▶ [Raw data]:
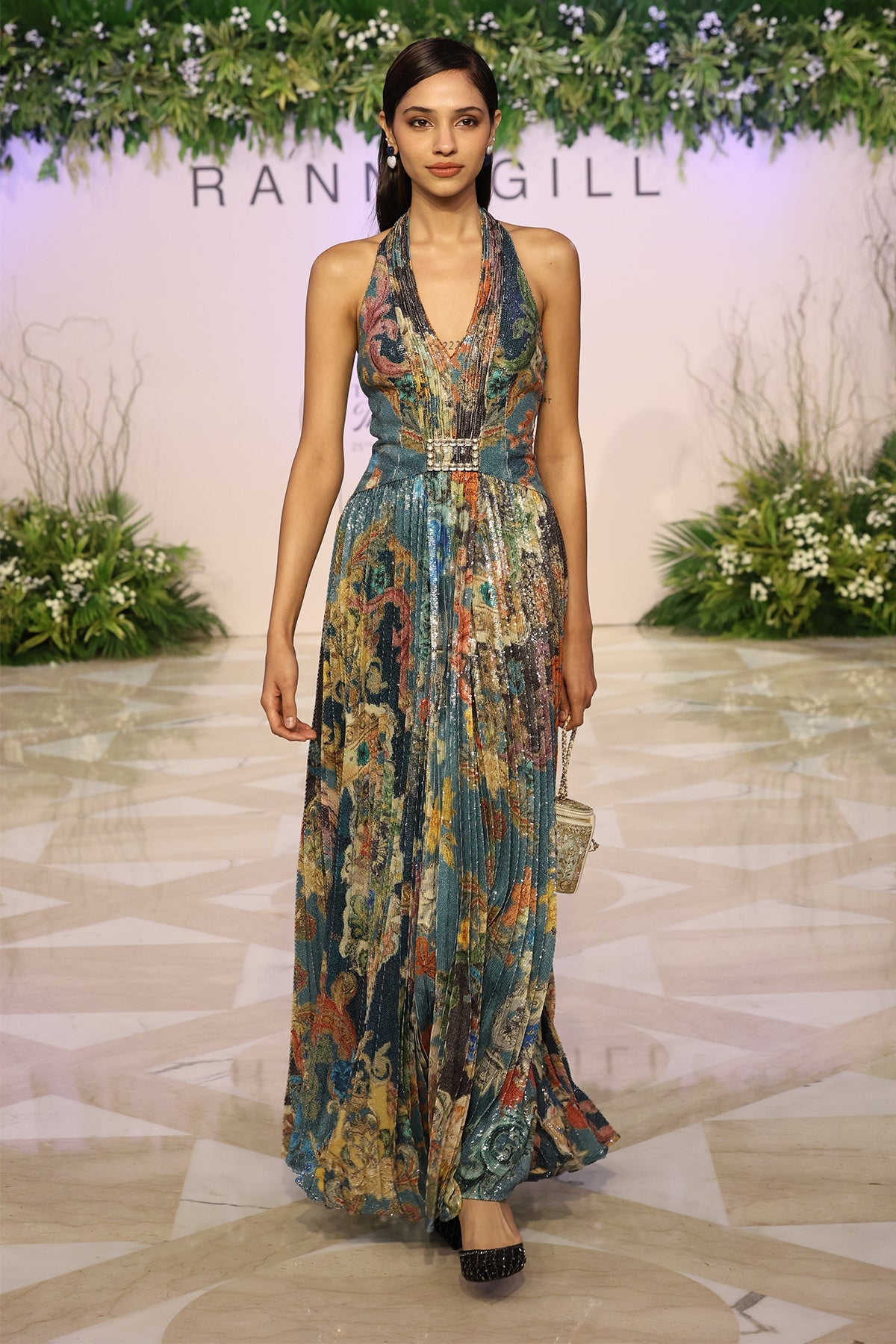 Ranna Gill Orlina Halter Neck Maxi Dress in multi-color sequin with Baroque print.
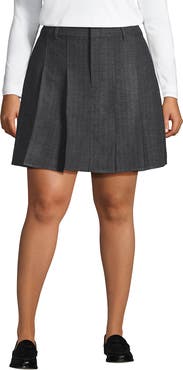 Lands' End Plus Size Brushed Flannel Pleated Mini Skirt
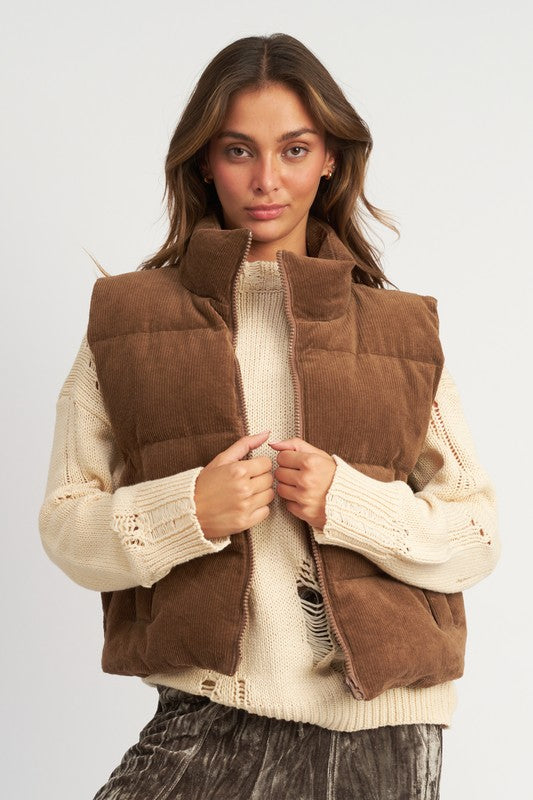 EMORY PARK Corduroy Puffer Vest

▶ [Exercise details]: Produce an exact copy of the lines from the line with "Lands' End Plus" through the last line of the data above, both ends included. No pictures belong in it.

▶ [Response area]:
 Lands' End Plus Size Brushed Flannel Pleated Mini Skirt
 EMORY PARK Corduroy Puffer Vest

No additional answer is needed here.